**REQUIRED WORK**
Copy only this range: the line with "maison à CENON (33150)" through the final line of the material, inclusive at both ends.

**DATA FOR ANALYSIS**
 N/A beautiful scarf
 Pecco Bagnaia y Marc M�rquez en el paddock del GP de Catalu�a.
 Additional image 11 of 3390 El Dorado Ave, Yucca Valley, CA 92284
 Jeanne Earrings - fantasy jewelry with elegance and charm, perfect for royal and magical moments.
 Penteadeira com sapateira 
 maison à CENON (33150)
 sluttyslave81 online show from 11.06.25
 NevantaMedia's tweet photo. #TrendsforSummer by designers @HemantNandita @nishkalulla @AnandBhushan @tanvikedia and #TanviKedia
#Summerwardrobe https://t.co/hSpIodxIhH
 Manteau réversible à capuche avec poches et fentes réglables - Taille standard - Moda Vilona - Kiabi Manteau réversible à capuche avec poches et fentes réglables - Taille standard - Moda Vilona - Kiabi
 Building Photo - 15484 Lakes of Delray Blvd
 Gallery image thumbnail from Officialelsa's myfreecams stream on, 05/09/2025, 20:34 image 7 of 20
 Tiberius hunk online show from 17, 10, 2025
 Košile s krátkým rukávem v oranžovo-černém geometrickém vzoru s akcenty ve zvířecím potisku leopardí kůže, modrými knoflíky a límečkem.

**ANSWER SECTION**
 maison à CENON (33150)
 sluttyslave81 online show from 11.06.25
 NevantaMedia's tweet photo. #TrendsforSummer by designers @HemantNandita @nishkalulla @AnandBhushan @tanvikedia and #TanviKedia
#Summerwardrobe https://t.co/hSpIodxIhH
 Manteau réversible à capuche avec poches et fentes réglables - Taille standard - Moda Vilona - Kiabi Manteau réversible à capuche avec poches et fentes réglables - Taille standard - Moda Vilona - Kiabi
 Building Photo - 15484 Lakes of Delray Blvd
 Gallery image thumbnail from Officialelsa's myfreecams stream on, 05/09/2025, 20:34 image 7 of 20
 Tiberius hunk online show from 17, 10, 2025
 Košile s krátkým rukávem v oranžovo-černém geometrickém vzoru s akcenty ve zvířecím potisku leopardí kůže, modrými knoflíky a límečkem.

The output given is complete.